To be fair, I’ve never actually seen “Teen Mom” or “Jersey Shore,” and I haven’t seen a minute of “The Bachelor” in years. However, nothing I’ve heard or read about these (and many other) shows sounds remotely appealing. A cantankerous genius who spent 18 months in a barn avoiding the plague and changing the face of science? You have my attention.
2) “Seaquest DSV”
Sure, it’s easy to love “Star (fillintheblank)” or “Lord of the Rings,” but I know of other nerds who won’t even dare to touch “Seaquest.” My friend A and I were so obsessed with the show that we spent a lot of our down time composing storylines in which we could insert ourselves. I was horrified when I first saw the episode that dare reveal “my” storyline without me. To this day, I still think Ted Raimi is neat.
3) I can quote “Mystery Science Theater 3000” like nobody’s business
There are days when I eat, sleep, and breathe this 90s Midwest puppet show. And I’m a howitzer of quotations. Remember, kids: the good die first. (Most people are morally ambiguous, which explains our random dying patterns.)
4) I had not one but two birthday parties with a “Mystery Science” theme
The first one, “Sweet Sixteen Down in Deep 13,” was lame. Two years later I dressed as Pearl Forrester and all was smashing.
5) I once dressed as Spock for Halloween
6) I recycled my Spock ears for a theatrical showing of “Star Wars: The Empire Strikes Back”
I painted my ears green, and rubbed glitter gel on them to represent the Force.
Once upon a time, I could identify and name dozens of dinosaurs. I admit to being rusty on that now, but I’m still irked whenever I see or hear “brontosaurus.” (For the love of Pete, there’s no such thing as a brontosaurus!) And I geek in museums that have fossil displays.

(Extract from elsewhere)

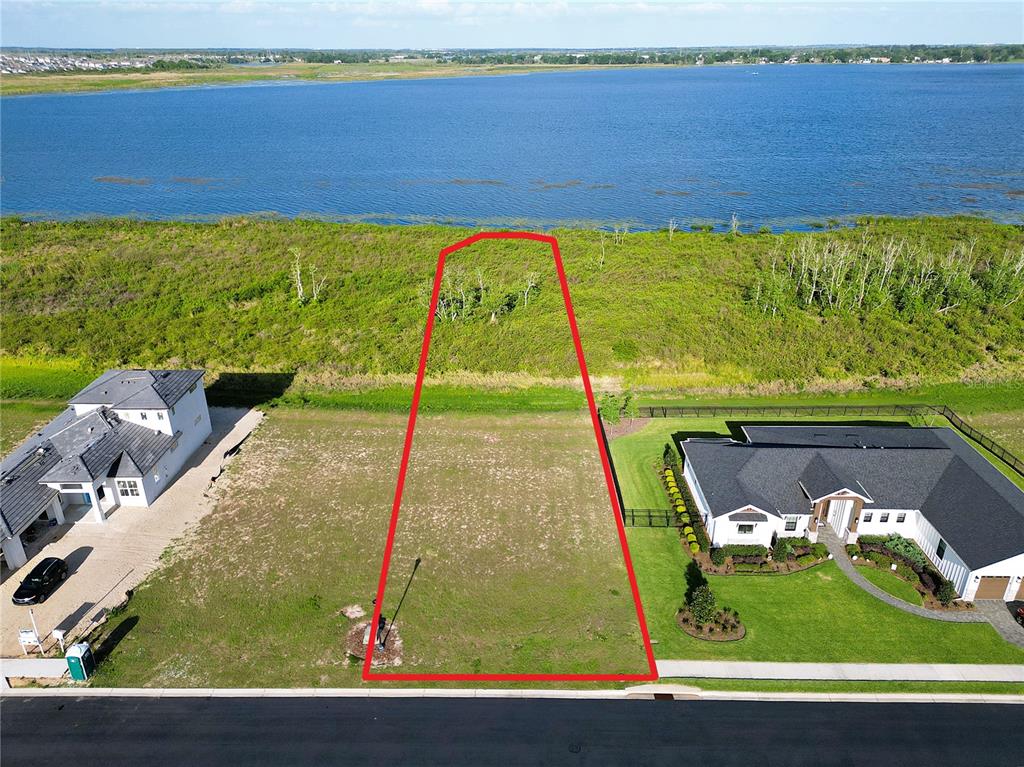 An aerial view shows a vacant residential lot outlined in red bordering a large lake — 328 CALADIUM AVENUE, LAKE ALFRED, FL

I need a bib when I visit the National Museum of Natural History.
8) The classic nerd wardrobe
Glasses and braces. I had ‘em. I also wore Winnie-the-Pooh shirts with great frequency. This does not represent nerdiness directly, but if you think that Pooh shirts = a lack of willingness to let childhood go = social awkwardness, then yeah, the t-shirts are nerdy.
9) I correct things I perceive to be incorrect
For one drama club performance, I played a snotty know-it-all kid who debunked a magician’s illusion. It was a creative work of nonfiction. I’m obnoxious in my (often unrealized) attempts to make the world factually sound. Because evidently, I think I know everything. (For the love of Pete, there’s no such thing as a brontosaurus!)

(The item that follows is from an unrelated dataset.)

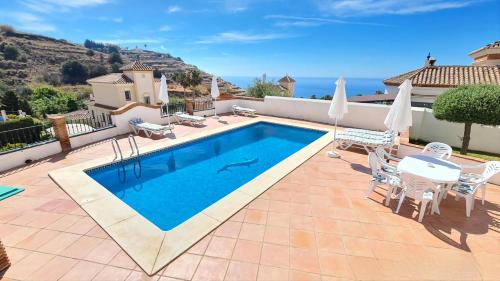 a swimming pool on a patio with a table and chairs at Nerja Villas Tamango Hill Silhouse in Nerja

10) I make lists. Lots of ‘em
I’m capable of improvising. With effort, I’m capable of going with the flow. But my world is best contained in the most anal-retentive of ways. I can make a list about most anything. Sorting everything into pleasing compartments—such as lists—is an obsession. And what is nerdiness without a little obsession—be it a tv show, a branch of history, or a wardrobe?